"""

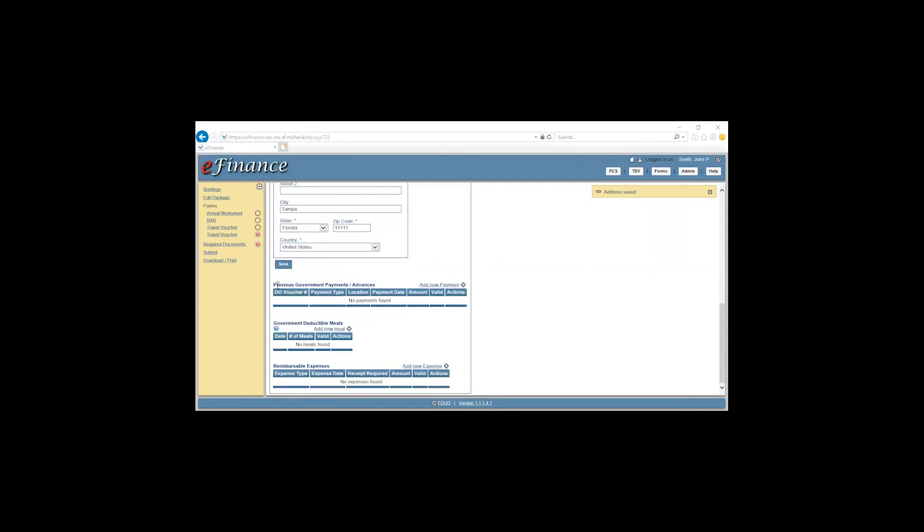If you had any advances, you would claim them on your travel voucher, not your spouse's. You may skip over government deductible meals.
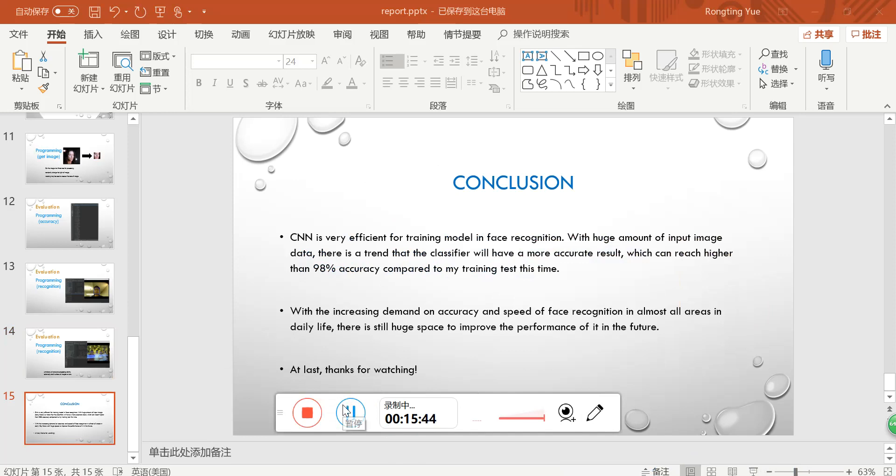Here comes the conclusion. The CNN is very efficient for model in face recognition with huge amount of input data. This program achieves 98% accuracy compared to trained test. And with increasing demand on accuracy and speed of recognition in all areas of daily life, there is still huge space to improve the performance of it in the future.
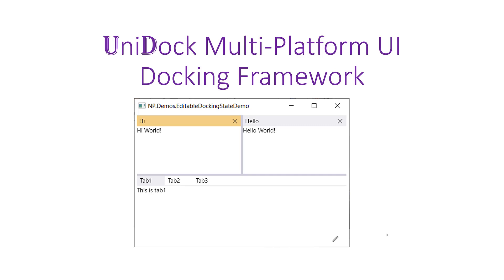Hi, everyone. This is Nick Poliak. Today, we're going to spend 5 to 10 minutes presenting the features of a new multi-platform UI docking framework called Unidoc.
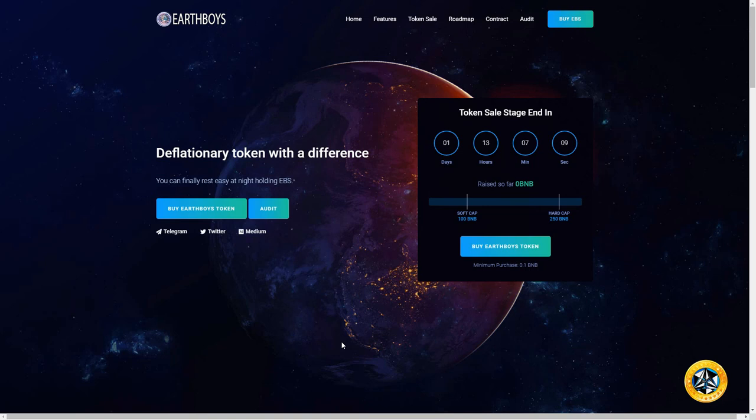Welcome to the show, Creative Crypto here. In this video we have a very exciting project on the Binance Smart Chain called Earthboys. This project is going to be in a pre-sale, so this is the earliest you can get into this project.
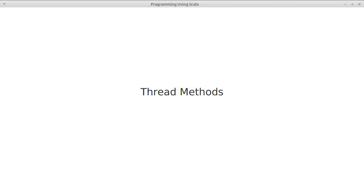There are a number of methods in the Thread class that you should know about, especially if you're going to go down to the level of operating with threads. But even if you're going to stay at a higher level, some of them might be useful to you.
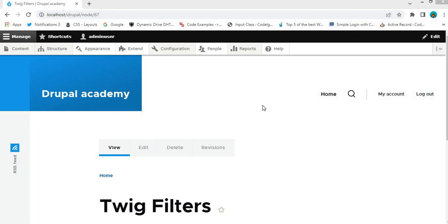Hi everyone. Welcome to today's Drupal tutorial. If you are working with Twig templates in Drupal, you might have wondered how to extend Twig functionality by creating custom filters. In this video, I'm going to show you how to create a custom Twig filter from scratch, and then we will use that filter to mask digits from a phone number.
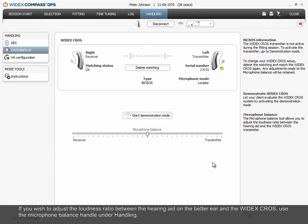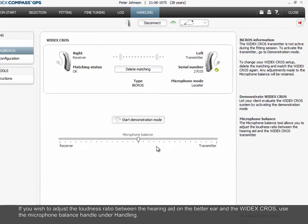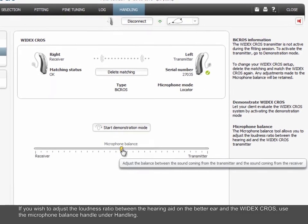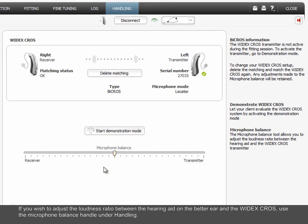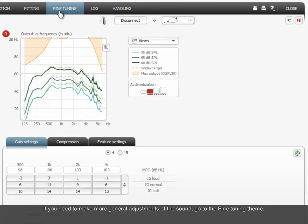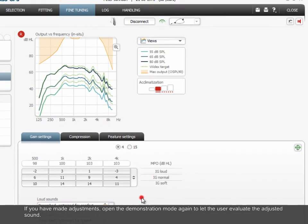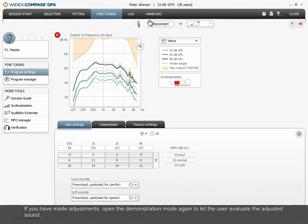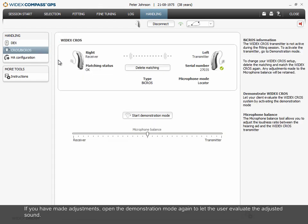If you wish to adjust the loudness ratio between the hearing aid on the better ear and the Widex CROS, use the microphone balance handle under Handling. If you need to make more general adjustments of the sound, go to the Fine Tuning Theme. If you have made adjustments, open the demonstration mode again to let the user evaluate the adjusted sound.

"""

* What the exercise asks
Images are to be left out; everything else in the material must be written out exactly.

* Your solution
If you had any advances, you would claim them on your travel voucher, not your spouse's. You may skip over government deductible meals.
Here comes the conclusion. The CNN is very efficient for model in face recognition with huge amount of input data. This program achieves 98% accuracy compared to trained test. And with increasing demand on accuracy and speed of recognition in all areas of daily life, there is still huge space to improve the performance of it in the future.
Hi, everyone. This is Nick Poliak. Today, we're going to spend 5 to 10 minutes presenting the features of a new multi-platform UI docking framework called Unidoc.
Welcome to the show, Creative Crypto here. In this video we have a very exciting project on the Binance Smart Chain called Earthboys. This project is going to be in a pre-sale, so this is the earliest you can get into this project.
There are a number of methods in the Thread class that you should know about, especially if you're going to go down to the level of operating with threads. But even if you're going to stay at a higher level, some of them might be useful to you.
Hi everyone. Welcome to today's Drupal tutorial. If you are working with Twig templates in Drupal, you might have wondered how to extend Twig functionality by creating custom filters. In this video, I'm going to show you how to create a custom Twig filter from scratch, and then we will use that filter to mask digits from a phone number.
If you wish to adjust the loudness ratio between the hearing aid on the better ear and the Widex CROS, use the microphone balance handle under Handling. If you need to make more general adjustments of the sound, go to the Fine Tuning Theme. If you have made adjustments, open the demonstration mode again to let the user evaluate the adjusted sound.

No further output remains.